The narration through an omniscient entity is in stark contrast with the rest. It’s dry if not distorted because being omniscient also puts the point of view away from feeling a situation.
Or is it?
I chose to write this personal overview of this passage because I found the description of the darkness seeping through every fissure, every crack, around every object and every person feels real.
The all-encompassing drenching of darkness is daunting from the very first lines. It’s cold but not cruel. It simply is. Suddenly and silently everything stops being, and darkness takes place. It is almost accepted.
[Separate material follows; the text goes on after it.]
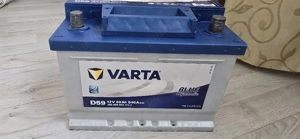 baterie varta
There might be few, unconscious futile attempts of rebellion – “Sometimes a hand was raised (…) ” – but it looks like a hand raised by a person drowning in an unseen tsunami wave: without even realizing what is happening, it’s all over.
There is much more that could be said about this part, but I was stuck by the description of the moving night and the sensations it engaged in me.
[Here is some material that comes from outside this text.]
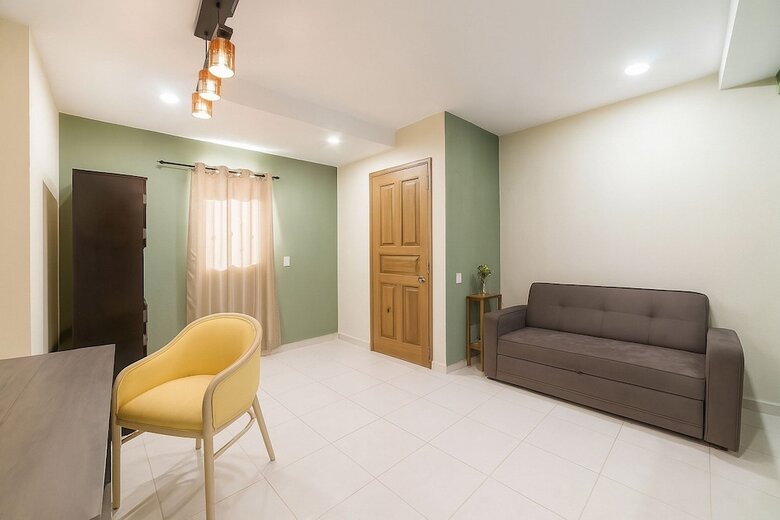 Hotel Casa Santa Fe, Guanajuato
I think when that happens, it is really one of the highest achievements of a literary piece.
To The Lighthouse, Part II - Time Passes, Chapter 2
So with the lamps all put out, the moon sunk, and a thin rain drumming on the roof a downpouring of immense darkness began. Nothing, it seemed, could survive the flood, the profusion of darkness which, creeping in at keyholes and crevices, stole round window blinds, came into bedrooms, swallowed up here a jug and basin, there a bowl of red and yellow dahlias, there the sharp edges and firm bulk of a chest of drawers. Not only was furniture confounded; there was scarcely anything left of body or mind by which one could say, “This is he” or “This is she.” Sometimes a hand was raised as if to clutch something or ward off something, or somebody groaned, or somebody laughed aloud as if sharing a joke with nothingness.
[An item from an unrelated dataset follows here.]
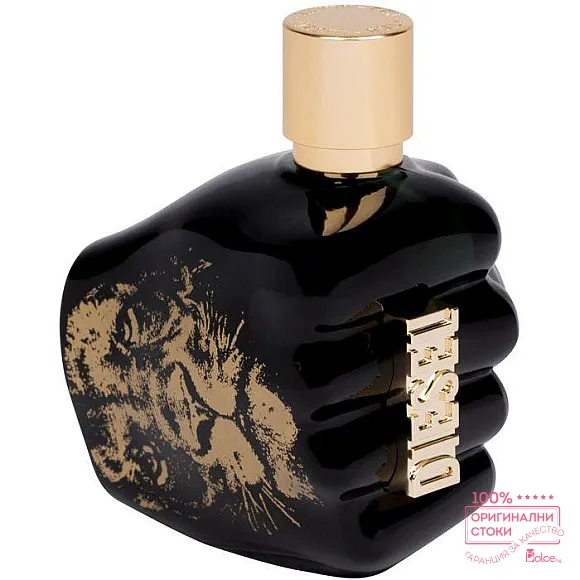 Diesel Spirit Of The Brave Парфюм за мъже без опаковка EDT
Nothing stirred in the drawing-room or in the dining-room or on the staircase. Only through the rusty hinges and swollen sea-moistened woodwork certain airs, detached from the body of the wind (the house was ramshackle after all) crept round corners and ventured indoors. Almost one might imagine them, as they entered the drawing-room questioning and wondering, toying with the flap of hanging wall-paper, asking, would it hang much longer, when would it fall? Then smoothly brushing the walls, they passed on musingly as if asking the red and yellow roses on the wall-paper whether they would fade, and questioning (gently, for there was time at their disposal) the torn letters in the wastepaper basket, the flowers, the books, all of which were now open to them and asking, Were they allies? Were they enemies? How long would they endure?
So some random light directing them with its pale footfall upon stair and mat, from some uncovered star, or wandering ship, or the Lighthouse even, with its pale footfall upon stair and mat, the little airs mounted the staircase and nosed round bedroom doors. But here surely, they must cease. Whatever else may perish and disappear, what lies here is steadfast. Here one might say to those sliding lights, those fumbling airs that breathe and bend over the bed itself, here you can neither touch nor destroy. Upon which, wearily, ghostlily, as if they had feather-light fingers and the light persistency of feathers, they would look, once, on the shut eyes, and the loosely clasping fingers, and fold their garments wearily and disappear. And so, nosing, rubbing, they went to the window on the staircase, to the servants’ bedrooms, to the boxes in the attics; descending, blanched the apples on the dining-room table, fumbled the petals of roses, tried the picture on the easel, brushed the mat and blew a little sand along the floor. At length, desisting, all ceased together, gathered together, all sighed together; all together gave off an aimless gust of lamentation to which some door in the kitchen replied; swung wide; admitted nothing; and slammed to.
[Here Mr. Carmichael, who was reading Virgil, blew out his candle. It was past midnight.]